[Short descriptive text snippets]
-----

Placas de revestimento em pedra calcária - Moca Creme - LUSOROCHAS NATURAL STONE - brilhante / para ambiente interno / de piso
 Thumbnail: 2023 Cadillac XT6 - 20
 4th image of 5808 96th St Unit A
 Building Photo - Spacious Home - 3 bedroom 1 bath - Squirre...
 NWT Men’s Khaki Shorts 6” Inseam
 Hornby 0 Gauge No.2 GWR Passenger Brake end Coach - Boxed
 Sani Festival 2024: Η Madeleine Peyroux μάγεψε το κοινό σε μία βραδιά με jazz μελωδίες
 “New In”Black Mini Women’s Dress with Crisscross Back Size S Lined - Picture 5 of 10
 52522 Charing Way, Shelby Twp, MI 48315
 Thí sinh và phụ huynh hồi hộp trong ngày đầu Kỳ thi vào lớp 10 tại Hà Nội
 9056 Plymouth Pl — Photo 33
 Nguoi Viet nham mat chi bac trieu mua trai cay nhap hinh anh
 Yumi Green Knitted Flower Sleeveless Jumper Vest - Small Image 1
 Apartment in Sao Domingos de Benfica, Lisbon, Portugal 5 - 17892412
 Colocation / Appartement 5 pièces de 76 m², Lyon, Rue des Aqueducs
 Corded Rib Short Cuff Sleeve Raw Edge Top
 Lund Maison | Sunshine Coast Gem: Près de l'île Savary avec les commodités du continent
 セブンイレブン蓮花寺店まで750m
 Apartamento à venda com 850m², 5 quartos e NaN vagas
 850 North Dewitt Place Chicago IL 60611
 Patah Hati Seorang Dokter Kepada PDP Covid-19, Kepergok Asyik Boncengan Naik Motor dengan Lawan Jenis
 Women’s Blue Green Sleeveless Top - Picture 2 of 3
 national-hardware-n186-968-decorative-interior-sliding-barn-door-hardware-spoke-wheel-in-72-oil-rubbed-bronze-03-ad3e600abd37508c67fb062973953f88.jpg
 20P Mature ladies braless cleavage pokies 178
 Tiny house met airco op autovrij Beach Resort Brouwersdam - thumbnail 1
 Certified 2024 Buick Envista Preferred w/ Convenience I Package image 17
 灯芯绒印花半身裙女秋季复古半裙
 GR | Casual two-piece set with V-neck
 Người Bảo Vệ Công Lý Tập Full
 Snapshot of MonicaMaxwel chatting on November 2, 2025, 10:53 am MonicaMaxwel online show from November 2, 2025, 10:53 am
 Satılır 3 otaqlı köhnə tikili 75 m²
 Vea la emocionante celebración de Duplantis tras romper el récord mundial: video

-----

▶ What is required:
Note each line above that holds "Sleeveless", then copy all of them.

▶ Response:
 Yumi Green Knitted Flower Sleeveless Jumper Vest - Small Image 1
 Women’s Blue Green Sleeveless Top - Picture 2 of 3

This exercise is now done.